Agentic AI is reshaping the supply chain planning landscape, but hype and “agent washing” are creating real risks for organisations under pressure to deliver results, according to Gartner.

Supply chain planning (SCP) leaders who focus on proven use cases, strengthen data and governance foundations, and follow a deliberate adoption sequence can improve near-term productivity while preparing for more advanced agentic capabilities over time.

“SCP leaders should prepare for an agentic AI future, but they need to separate meaningful capability from market noise,” says Jan Snoeckx, senior director analyst in Gartner’s Supply Chain practice. “The priority today is not full autonomy, but building the operational discipline, architectural flexibility, and decision frameworks that allow agentic AI to scale as the technology matures.”

 

Opportunities and risks with agentic AI

Agentic AI now dominates vendor messaging and executive discussions in SCP. Snoeckx says that most of the current agentic capabilities improve user experience through query interpretation, recommendations and conversational support, rather than fundamentally changing decision quality or how decisions are made.

True autonomous planning would require the automatic generation of plans, automatic selection of the optimal plan, and seamless execution without human intervention. Most current solutions have not reached that level of end-to-end autonomy – and vendors claiming end-to-end autonomous supply chain planning before 2027 are overstating what is possible in the near-term.

Snoeckx says agent washing further obscures those differences by relabeling conventional automation as agentic, increasing the risk of misaligned investments and long-term lock-in.

Despite current constraints, there are immediate opportunities for efficiency gains.

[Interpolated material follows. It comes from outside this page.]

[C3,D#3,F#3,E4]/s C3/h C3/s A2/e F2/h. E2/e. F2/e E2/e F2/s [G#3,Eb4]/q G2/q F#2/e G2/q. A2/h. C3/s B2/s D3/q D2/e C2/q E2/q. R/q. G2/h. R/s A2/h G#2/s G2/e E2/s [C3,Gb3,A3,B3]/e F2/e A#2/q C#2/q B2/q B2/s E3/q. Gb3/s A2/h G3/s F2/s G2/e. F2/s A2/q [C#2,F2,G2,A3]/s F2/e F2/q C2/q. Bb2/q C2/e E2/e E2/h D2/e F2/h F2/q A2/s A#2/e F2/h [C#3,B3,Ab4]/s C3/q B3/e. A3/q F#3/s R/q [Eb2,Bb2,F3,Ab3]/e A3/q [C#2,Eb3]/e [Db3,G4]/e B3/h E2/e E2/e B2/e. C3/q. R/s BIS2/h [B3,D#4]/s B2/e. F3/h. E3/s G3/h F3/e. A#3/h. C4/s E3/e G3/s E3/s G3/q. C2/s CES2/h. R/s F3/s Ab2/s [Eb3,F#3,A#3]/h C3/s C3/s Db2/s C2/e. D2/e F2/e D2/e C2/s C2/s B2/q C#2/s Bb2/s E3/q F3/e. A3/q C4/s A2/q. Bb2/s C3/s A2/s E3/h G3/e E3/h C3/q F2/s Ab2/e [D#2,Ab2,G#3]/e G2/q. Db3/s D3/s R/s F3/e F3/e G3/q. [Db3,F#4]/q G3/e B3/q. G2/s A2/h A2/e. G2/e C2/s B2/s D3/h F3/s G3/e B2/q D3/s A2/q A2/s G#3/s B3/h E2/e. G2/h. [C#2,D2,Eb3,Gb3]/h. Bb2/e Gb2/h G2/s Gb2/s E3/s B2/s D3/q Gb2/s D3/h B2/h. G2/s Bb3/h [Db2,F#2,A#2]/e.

Traditional automation remains well suited to repetitive, low-complexity tasks, while current AI agents can support high-volume, medium-complexity planning actions where risk is low. Gartner recommends a measured approach that captures value now while building the foundations for more advanced agentic planning in the future.

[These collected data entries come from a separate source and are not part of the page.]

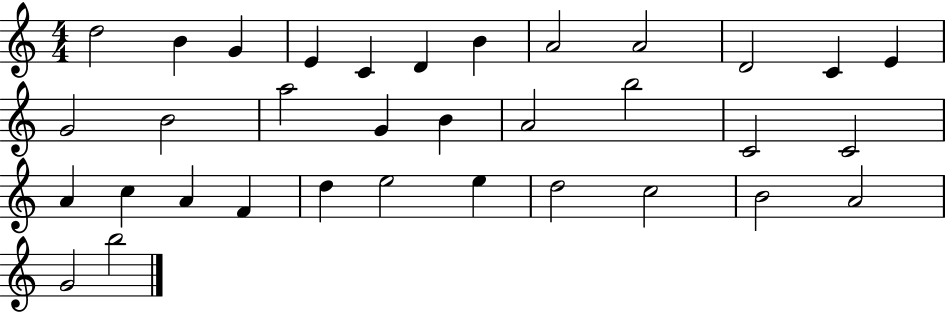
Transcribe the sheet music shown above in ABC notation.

X:1
T:Untitled
M:4/4
L:1/4
K:C
d2 B G E C D B A2 A2 D2 C E G2 B2 a2 G B A2 b2 C2 C2 A c A F d e2 e d2 c2 B2 A2 G2 b2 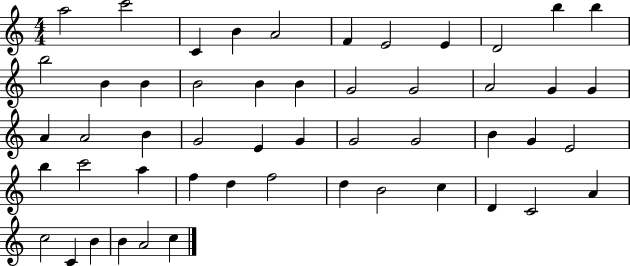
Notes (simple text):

A5/h C6/h C4/q B4/q A4/h F4/q E4/h E4/q D4/h B5/q B5/q B5/h B4/q B4/q B4/h B4/q B4/q G4/h G4/h A4/h G4/q G4/q A4/q A4/h B4/q G4/h E4/q G4/q G4/h G4/h B4/q G4/q E4/h B5/q C6/h A5/q F5/q D5/q F5/h D5/q B4/h C5/q D4/q C4/h A4/q C5/h C4/q B4/q B4/q A4/h C5/q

Snoeckx warns SCP leaders to avoid common missteps in agentic AI adoption:

  • Do not mistake vendor positioning for true autonomy: Organisations should rigorously scrutinise agentic claims, because many current offerings do not independently re-sequence objectives, negotiate trade-offs, or adapt execution logic.
  • Avoid monolithic transformations and legacy retrofits: Inflexible upgrades and retrofitted agents can limit future flexibility, cap ROI and increase long-term lock-in.
  • Do not pursue high-risk autonomous use cases too early: Cross-enterprise negotiation, dynamic cost trade-offs, and ethical judgment are poor candidates for agentic AI before 2027.

According to Gartner research, supply chain planning leaders should take the following actions when evaluating agentic AI solutions:

  • Prioritise “sweet spot” use cases for immediate value: Focus early efforts on well-defined, high-volume planning activities where impact is measurable and the cost of error is low – such as touchless forecasting for stable SKUs or automated replenishment parameter changes.
  • Build data, integration and governance foundations: Invest in unified, realtime data, robust integration across planning and execution systems, and transparent governance with clear guardrails, human hand-off points and audit mechanisms.
  • Apply frontier AI beyond assistants: Use AI not only for conversational support, but also to create and maintain digital twins, automate data management and integration, and improve how users engage with planning decisions and trade-offs.